Dans ce contexte très tendu, nous nous félicitons d'avoir pu protéger les crédits de paiement du ministère des outre-mer à 2,18 milliards au titre du PLF 2016, contre 2,17 milliards en loi de finances initiale pour 2015. Cela montre bien le respect des engagements du Président de la République et du Premier ministre en ce qui concerne le soutien de l'État aux outre-mer.
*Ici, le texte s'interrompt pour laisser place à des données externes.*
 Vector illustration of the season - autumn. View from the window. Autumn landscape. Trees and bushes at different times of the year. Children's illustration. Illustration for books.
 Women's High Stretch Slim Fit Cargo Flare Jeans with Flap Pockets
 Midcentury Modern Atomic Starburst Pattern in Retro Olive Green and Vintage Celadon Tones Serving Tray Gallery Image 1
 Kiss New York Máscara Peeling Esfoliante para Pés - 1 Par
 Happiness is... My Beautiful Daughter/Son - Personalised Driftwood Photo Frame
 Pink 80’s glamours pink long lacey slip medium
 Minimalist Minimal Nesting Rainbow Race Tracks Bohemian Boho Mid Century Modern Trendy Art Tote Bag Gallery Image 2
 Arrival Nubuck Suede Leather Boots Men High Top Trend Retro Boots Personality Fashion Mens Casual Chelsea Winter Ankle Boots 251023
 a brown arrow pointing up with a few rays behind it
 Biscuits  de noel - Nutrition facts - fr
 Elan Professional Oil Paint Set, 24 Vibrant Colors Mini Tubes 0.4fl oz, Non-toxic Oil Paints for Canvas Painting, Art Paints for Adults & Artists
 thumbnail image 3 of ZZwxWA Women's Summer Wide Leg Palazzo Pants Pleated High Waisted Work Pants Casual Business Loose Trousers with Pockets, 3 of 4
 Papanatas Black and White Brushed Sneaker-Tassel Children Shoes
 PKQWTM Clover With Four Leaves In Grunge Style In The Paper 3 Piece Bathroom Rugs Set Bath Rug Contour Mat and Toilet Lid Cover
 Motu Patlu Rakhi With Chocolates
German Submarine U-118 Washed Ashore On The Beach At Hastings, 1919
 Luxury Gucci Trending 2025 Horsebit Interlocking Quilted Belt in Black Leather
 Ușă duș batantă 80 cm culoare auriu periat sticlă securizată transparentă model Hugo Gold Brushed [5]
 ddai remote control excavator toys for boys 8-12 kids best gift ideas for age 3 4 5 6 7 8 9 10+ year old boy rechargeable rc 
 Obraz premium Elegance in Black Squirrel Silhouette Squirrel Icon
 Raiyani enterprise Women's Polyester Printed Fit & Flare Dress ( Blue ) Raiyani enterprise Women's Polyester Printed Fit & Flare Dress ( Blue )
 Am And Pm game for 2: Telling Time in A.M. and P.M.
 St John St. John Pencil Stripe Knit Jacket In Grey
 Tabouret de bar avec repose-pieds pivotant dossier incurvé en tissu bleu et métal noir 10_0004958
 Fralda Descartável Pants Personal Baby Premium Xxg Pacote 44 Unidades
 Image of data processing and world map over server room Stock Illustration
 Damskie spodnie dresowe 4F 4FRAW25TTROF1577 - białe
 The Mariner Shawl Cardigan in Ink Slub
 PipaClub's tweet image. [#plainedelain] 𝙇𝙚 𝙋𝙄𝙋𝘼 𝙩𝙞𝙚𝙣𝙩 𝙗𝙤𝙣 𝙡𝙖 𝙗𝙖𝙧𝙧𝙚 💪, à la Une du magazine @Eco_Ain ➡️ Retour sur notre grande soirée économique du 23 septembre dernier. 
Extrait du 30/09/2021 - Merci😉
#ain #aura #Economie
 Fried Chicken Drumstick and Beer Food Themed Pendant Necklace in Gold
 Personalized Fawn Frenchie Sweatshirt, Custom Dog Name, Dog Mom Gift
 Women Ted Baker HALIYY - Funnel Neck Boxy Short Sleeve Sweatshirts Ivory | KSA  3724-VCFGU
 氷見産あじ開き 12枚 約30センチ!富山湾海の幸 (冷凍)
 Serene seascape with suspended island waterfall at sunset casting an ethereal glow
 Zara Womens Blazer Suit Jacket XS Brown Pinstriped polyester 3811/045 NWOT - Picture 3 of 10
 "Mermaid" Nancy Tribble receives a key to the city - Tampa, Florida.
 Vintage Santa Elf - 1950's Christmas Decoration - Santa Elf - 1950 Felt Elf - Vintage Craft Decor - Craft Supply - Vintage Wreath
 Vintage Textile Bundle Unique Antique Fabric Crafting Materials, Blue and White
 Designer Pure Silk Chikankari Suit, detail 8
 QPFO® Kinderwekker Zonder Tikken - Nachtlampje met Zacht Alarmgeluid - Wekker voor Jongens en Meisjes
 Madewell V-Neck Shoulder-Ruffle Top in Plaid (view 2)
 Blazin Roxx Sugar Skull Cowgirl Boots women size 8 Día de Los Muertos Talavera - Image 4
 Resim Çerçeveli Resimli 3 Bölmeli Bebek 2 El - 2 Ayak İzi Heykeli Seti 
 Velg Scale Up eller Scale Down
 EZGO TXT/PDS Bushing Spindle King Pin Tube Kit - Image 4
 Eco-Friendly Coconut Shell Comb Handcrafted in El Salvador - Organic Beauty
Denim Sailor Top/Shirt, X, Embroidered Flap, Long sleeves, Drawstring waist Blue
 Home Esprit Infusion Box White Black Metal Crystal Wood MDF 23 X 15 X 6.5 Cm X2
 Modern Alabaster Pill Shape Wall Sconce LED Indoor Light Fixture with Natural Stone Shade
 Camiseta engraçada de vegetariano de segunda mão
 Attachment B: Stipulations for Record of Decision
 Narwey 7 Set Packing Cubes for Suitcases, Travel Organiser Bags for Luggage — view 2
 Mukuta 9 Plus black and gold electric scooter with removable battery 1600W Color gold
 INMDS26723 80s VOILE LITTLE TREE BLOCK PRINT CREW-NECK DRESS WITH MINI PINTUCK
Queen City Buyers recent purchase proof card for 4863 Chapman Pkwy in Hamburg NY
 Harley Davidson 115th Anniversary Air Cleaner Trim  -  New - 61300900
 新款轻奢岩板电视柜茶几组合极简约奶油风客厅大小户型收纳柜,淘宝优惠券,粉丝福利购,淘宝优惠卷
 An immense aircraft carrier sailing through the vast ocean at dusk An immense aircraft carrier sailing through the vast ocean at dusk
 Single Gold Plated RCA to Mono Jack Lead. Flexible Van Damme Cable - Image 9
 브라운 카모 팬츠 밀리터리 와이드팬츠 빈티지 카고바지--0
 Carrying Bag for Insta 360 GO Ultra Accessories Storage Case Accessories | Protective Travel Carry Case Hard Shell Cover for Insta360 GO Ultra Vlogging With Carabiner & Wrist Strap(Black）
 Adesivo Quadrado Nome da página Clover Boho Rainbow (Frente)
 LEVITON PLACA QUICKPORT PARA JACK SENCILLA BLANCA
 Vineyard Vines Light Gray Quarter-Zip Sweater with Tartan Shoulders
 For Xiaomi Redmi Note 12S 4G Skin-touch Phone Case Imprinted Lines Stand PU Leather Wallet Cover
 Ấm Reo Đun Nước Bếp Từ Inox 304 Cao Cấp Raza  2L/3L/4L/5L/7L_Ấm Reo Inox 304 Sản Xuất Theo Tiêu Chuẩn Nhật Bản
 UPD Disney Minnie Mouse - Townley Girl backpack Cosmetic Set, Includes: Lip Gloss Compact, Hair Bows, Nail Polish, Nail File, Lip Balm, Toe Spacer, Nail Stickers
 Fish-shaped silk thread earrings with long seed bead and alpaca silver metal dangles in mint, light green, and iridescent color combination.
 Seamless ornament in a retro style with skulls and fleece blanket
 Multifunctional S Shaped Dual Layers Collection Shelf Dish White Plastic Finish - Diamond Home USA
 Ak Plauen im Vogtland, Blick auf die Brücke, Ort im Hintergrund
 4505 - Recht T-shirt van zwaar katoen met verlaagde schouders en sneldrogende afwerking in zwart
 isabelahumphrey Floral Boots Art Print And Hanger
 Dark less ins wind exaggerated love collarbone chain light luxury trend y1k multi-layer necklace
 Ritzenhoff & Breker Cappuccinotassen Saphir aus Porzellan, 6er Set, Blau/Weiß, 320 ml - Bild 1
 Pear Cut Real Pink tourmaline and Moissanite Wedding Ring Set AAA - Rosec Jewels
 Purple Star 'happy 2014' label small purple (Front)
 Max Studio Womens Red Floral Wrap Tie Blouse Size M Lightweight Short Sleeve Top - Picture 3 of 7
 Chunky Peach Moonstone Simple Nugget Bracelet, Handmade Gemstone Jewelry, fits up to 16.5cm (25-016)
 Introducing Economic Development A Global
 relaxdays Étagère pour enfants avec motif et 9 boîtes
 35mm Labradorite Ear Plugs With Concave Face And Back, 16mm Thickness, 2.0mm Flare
C'est particulièrement net dans la mesure où nous avons pu préserver l'investissement des entreprises en conservant les moyens budgétaires nécessaires pour accompagner le développement des territoires, la commande publique, et développer une politique volontariste dans le domaine de la formation des jeunes tout en essayant de répondre aux problèmes de nos concitoyens dans celui du logement.
Gouverner, c'est fixer des priorités et faire des choix. C'est exactement ce que nous avons voulu faire dans ce budget, et nous avons choisi, dans le cadre de crédits stabilisés, de conserver au maximum les moyens d'intervention du ministère dans le respect des partenariats que nous entretenons avec les élus et les collectivités locales. À chaque fois que la commande publique fléchit ou que les entreprises ont un carnet un peu trop léger, on se tourne vers nous en faisant valoir que les entreprises ont besoin de l'effet d'entraînement des crédits de l'État pour travailler. Nous avons donc privilégié, dans nos choix, la sauvegarde des moyens d'action du ministère des outre-mer.
C'est un budget de relance de l'investissement et de la commande publique. Comme je l'ai annoncé avec ma collègue Sylvia Pinel, nous avons voulu préserver les politiques qui concernent le logement dans l'outre-mer. C'est ainsi que le maintien des crédits de la ligne budgétaire unique à 247 millions d'euros en autorisations d'engagements au titre de l'année 2016 montre que les moyens consacrés au logement social resteront à la hauteur des enjeux et de nos engagements.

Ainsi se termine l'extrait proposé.